Guests set the timetable here, so when you start to feel peckish, hail a member of the team.
As flexible as mealtimes, room service can be delivered to your door whenever you feel the need. Dishes vary with the season, but traditional and modern Moroccan fare takes precedence.
L’Hôtel lies in a secluded quarter of the Medina, north west of Jemaa El-Fna and the souk. Staff greet you at the Ben Youssef Mosque and lead you through a maze of quiet side streets to the riad’s decorative doors.
From Marrakech Menara International airport, the drive to the hotel is under 20 minutes. Fly direct with EasyJet from the UK; flights from the US have a stopover in Lisbon or Casablanca. Airport transfers in a Mercedes-Benz E-Class (or a Mercedes Vito minivan for groups of up to seven guests) are included in your room rate.
Marrakech Railway Station is a 15-minute drive from the hotel. Trains arrive here direct from Casablanca or Fez.

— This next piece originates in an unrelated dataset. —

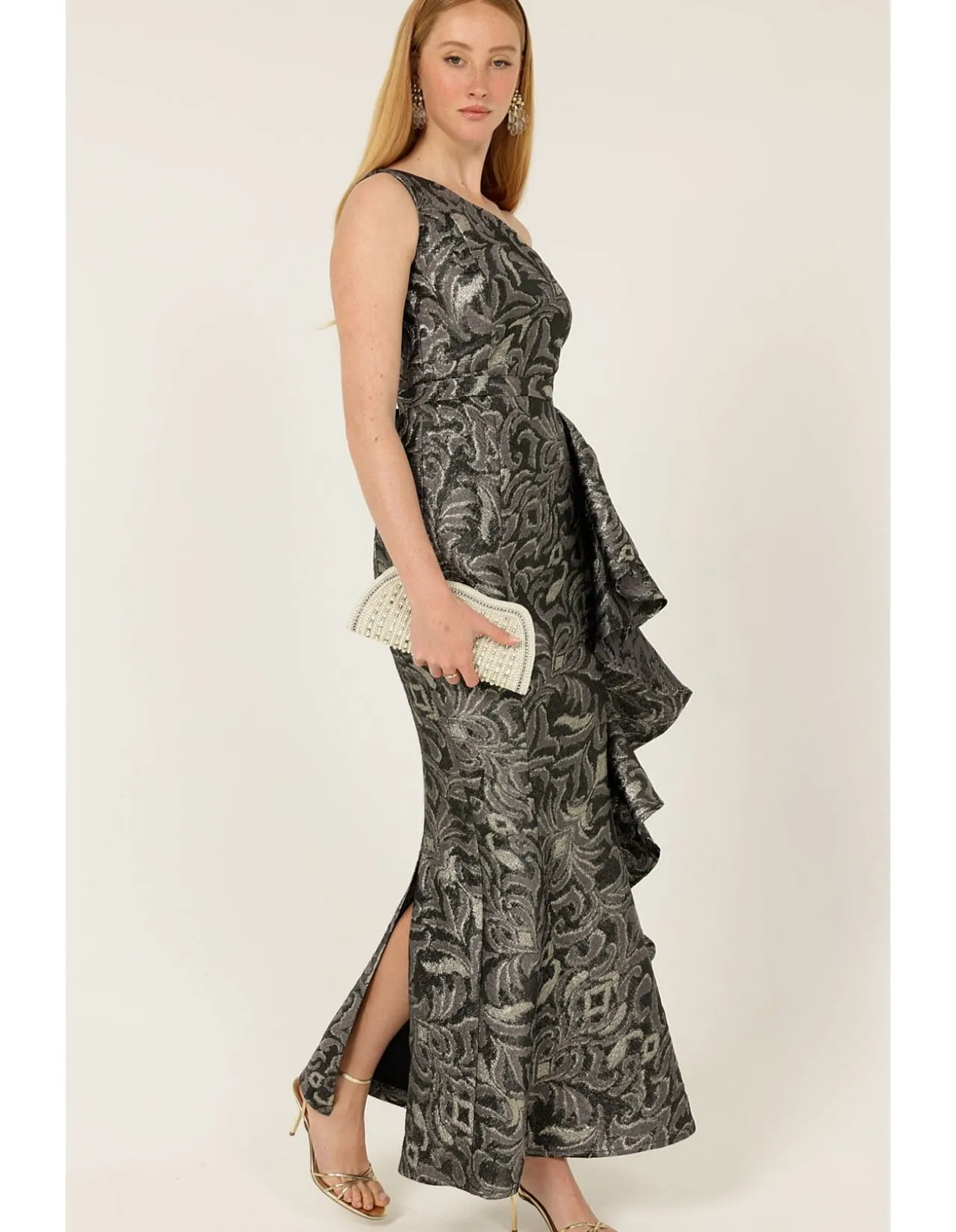TYRA GOWN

It’s easy to navigate central Marrakech on foot; alternatively, private drivers can be hired for around £60 a day. Roads can be chaotic, especially around the Medina, where donkey-driven carts and scooters share the streets. Cars cannot go down the winding alleys that lead to the hotel, so you’ll need to find a parking spot elsewhere in the Medina. If you’re lucky enough to locate a space for your motor, four wheels will come in handy for exploring the sprawling Palmeraie, upper reaches of the Atlas and beyond; or if you’re planning a trip to Essaouira (a three-hour drive away). There are car-hire booths at the airport.

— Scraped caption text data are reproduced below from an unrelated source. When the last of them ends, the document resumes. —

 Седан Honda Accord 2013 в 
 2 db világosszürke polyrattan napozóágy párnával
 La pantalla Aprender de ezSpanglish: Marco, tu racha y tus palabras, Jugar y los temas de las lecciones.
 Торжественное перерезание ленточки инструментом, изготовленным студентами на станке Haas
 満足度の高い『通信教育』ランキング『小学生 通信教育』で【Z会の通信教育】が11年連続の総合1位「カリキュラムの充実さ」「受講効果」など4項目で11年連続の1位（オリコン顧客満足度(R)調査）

Worth getting out of bed for
The hotel is within a hawker’s call of the Medina and the 12th-century Koutoubia Mosque, the revered religious monument has stayed the tallest building in the city out of respect. Jemaa El-Fna and the souk’s myriad stalls and nightly melee are a 20-minute stroll away. Only Muslims can enter the Ben Youssef Mosque, but differently denominated visitors can marvel at its exterior. The neon-bright buildings, towering cacti and flower-crowded walkways of the Jardin Majorelle are unfailingly lovely, and the little on-site museum has intricate Berber jewellery and costumery to covet. For more wondrous weaving and richly cultured handicraft, stop by Maison Tiskiwin, a petite space filled with textiles, tents and adornments. Or peep into Marrakech’s past at La Maison de la Photographie museum and find that some things are still very much the same today.

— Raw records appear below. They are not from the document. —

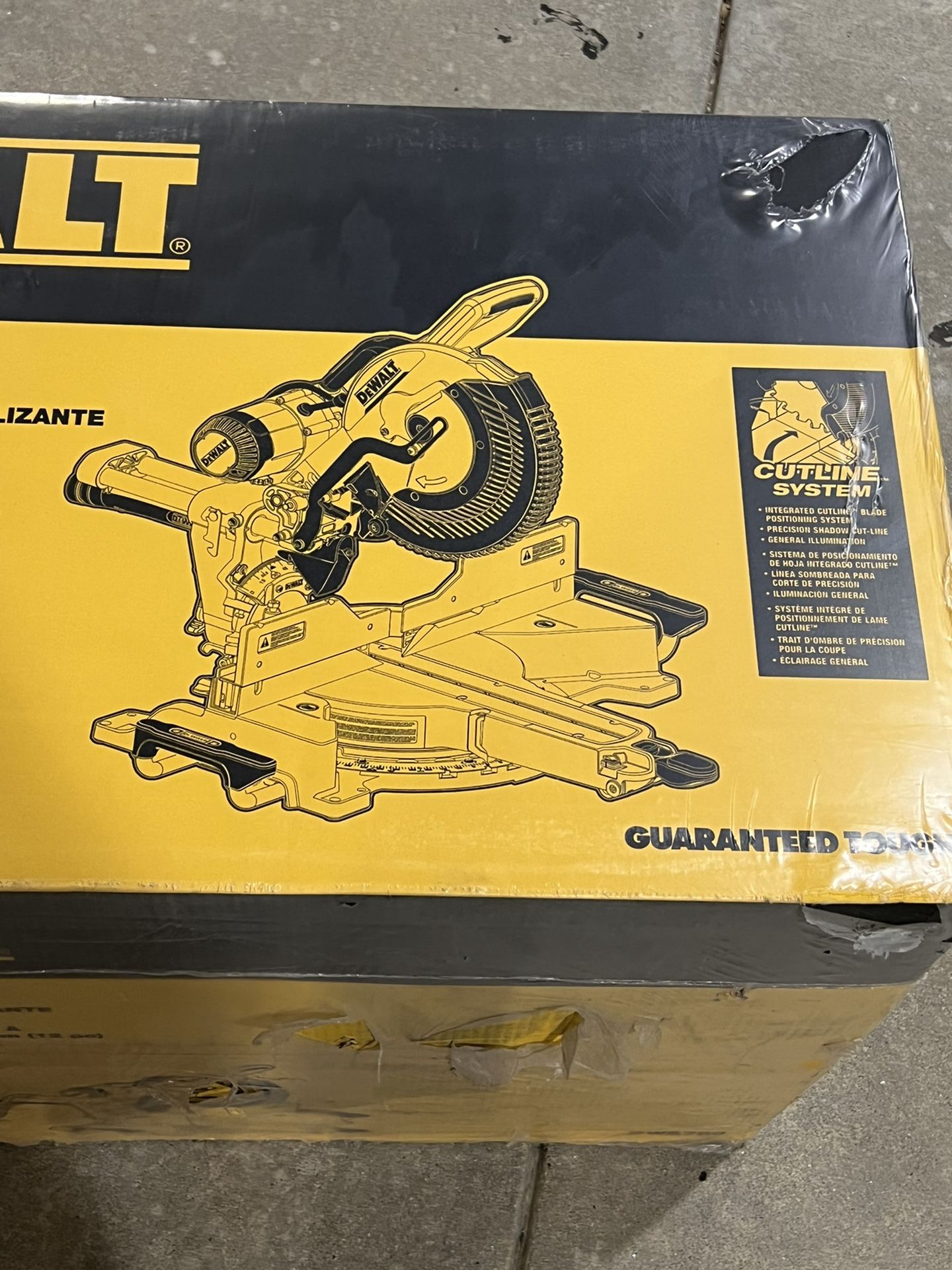 Dewalt Miter Saw 12” DSW780 New Nuevo
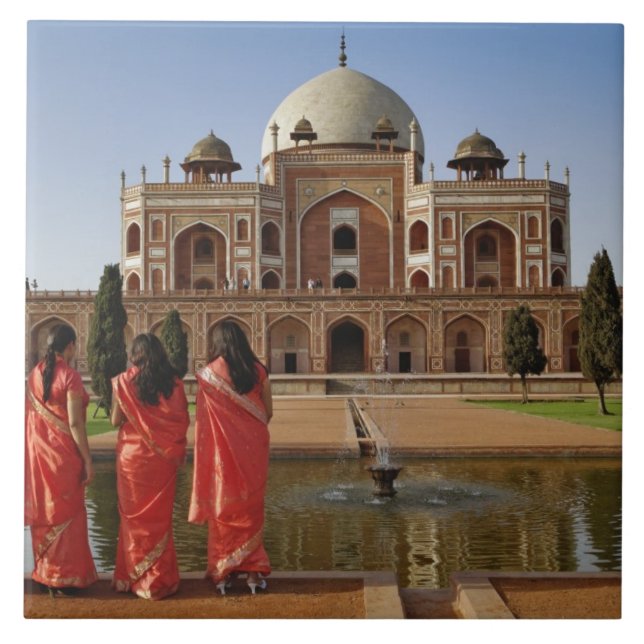 Jovens senhoras indianas e o túmulo de Humayun, Dé (Frente)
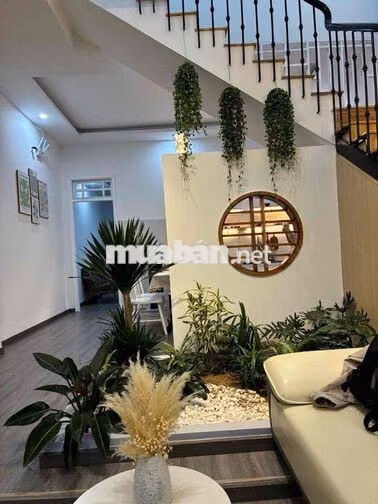 🏡 BÁN NHÀ 2 TẦNG (90m2 ) ĐƯỜNG HOÀNG BÍNH CHÍNH – Trường Sa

With one meal included in your stay you have an excuse to spend one candlelit night behind the curtains on your terrace, or four-poster (hey, we’re not ones to judge). Bô Zin is reliably cool, with ochre walls, tented terraces and low lighting under which you can share fragrant cous-cous dishes and Thai-inspired tidbits. Follow the design theme at Dar Moha, which resides in Pierre Balmain’s former pad. Diners sit on the patio by his Persian rug-tiled pool and pick from any number of plates lining the table: Berber-style cous cous, sweet pastillas and crispy, thyme-infused chicken.
Bakchich Café, with its bold hues and recycled furnishings, is a cheery spot in which to spend the afternoon while sipping a freshly squeezed juice and tucking into a tagine.
Kechmara on the Rue de la Liberté is a mod Marrakchi hangout where pitchers of rosé wine are served with grapefruit juice, mojitos come with the freshest mint and the Marrakech Iced Tea knocks you for six (thanks to the slugs of vodka, gin, tequila and rum muddled into it).
I should start by saying I’m not sure if I’m a talented enough writer to fully convey quite how special L’Hotel Marrakech is, but will try my best to do it justice.
After landing in Marrakech and being met by our driver, we took the short journey through hectic streets into the old town. After swerving around donkeys and mopeds, we were met by a very nice man named George, who then led us down winding pink medina alleyways until we were stood outside an impressive dark green door: the entrance to L’Hotel. I feel like it would be cliché to call it ‘an oasis’. But it is, so I’m going to.
Behind the door is Jasper Conran’s beautifully restored 19th-century riad, where you suddenly feel a million miles away from the hot and dusty streets, transported instead into a world of 1930s elegance. The noise from the markets is replaced by the sound of water trickling from the flower-covered fountain in the middle of the courtyard; the people and donkeys by the occasional roaming tortoise.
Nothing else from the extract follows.